2) Review some agency sites.
One way to do that is to go to www.iiaa.org, select the Find an Agent function and then search for agencies in your state that have Web sites and then peruse them.
3) Take a look at www.ultimateinsurancelinks.com, Barry Klein's site, for links to interesting insurance related sites and see what you can learn.
4) If you haven't already done so, write out a description of your agency identity, your business development focus, the kinds of customers and business you seek, your strengths and weaknesses, and your industry business partners. What is your story? How can you tell it succinctly?
5) Given who you are and where you want to go, my list of suggestions above and what you observed looking at various Web sites, make a list of what tentative marketing related--information and educational--content and services you'd like, ideally, to include on your site. Don't worry at this point about where they might come from.
6) Schedule a meeting with key staff people to discuss your out-facing Web site, create an agenda and pass on your notes and list of content suggestions.
7) During the meeting, stay focused on your agency identity and what you want it to become. Think carefully about what your customers and prospects could use. Try to see through their eyes. Prioritize your list and pick the top five items for implementation with the thought that you can come back for more later. Decide in this meeting how to measure success. Is it leads-generated through the site? Customer comments? Hits?
8) Make or have the changes made to your Web site. (Boy, that was easy! We'll cover issues of implementation another time.)
9) Publicize your improvements through your invoices, newsletter, word of mouth, e-mail.
10) Apply the metrics you decided on at your planning meeting. How are you doing? What works? What doesn't? Do you need to make some adjustments? What's the next thing to do?

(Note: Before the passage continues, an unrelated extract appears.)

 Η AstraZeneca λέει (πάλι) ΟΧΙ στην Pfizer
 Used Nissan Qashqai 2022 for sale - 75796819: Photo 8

Having a Web site isn't the point. Extending and improving the out-facing services you provide your customers is--and a Web site can be a great vehicle by which to accomplish this. But like everything else in your agency, the principals need to be committed and involved. The staff needs to have input--because they have something worthwhile to offer and so they'll have ownership. And Web site publishing, like agency automation, is a process, not an event. Done right, it'll begin to strengthen and re-intermediate your agency. The best is yet to come. I'm certain of it. *
The author
John Ashenhurst is president of Sound Internet Strategy, publisher of "Sounding Line," a monthly newsletter that focuses on insurance and the Internet. Ashenhurst has created and written about insurance technology since 1975. For more information, see www.soundingline.com.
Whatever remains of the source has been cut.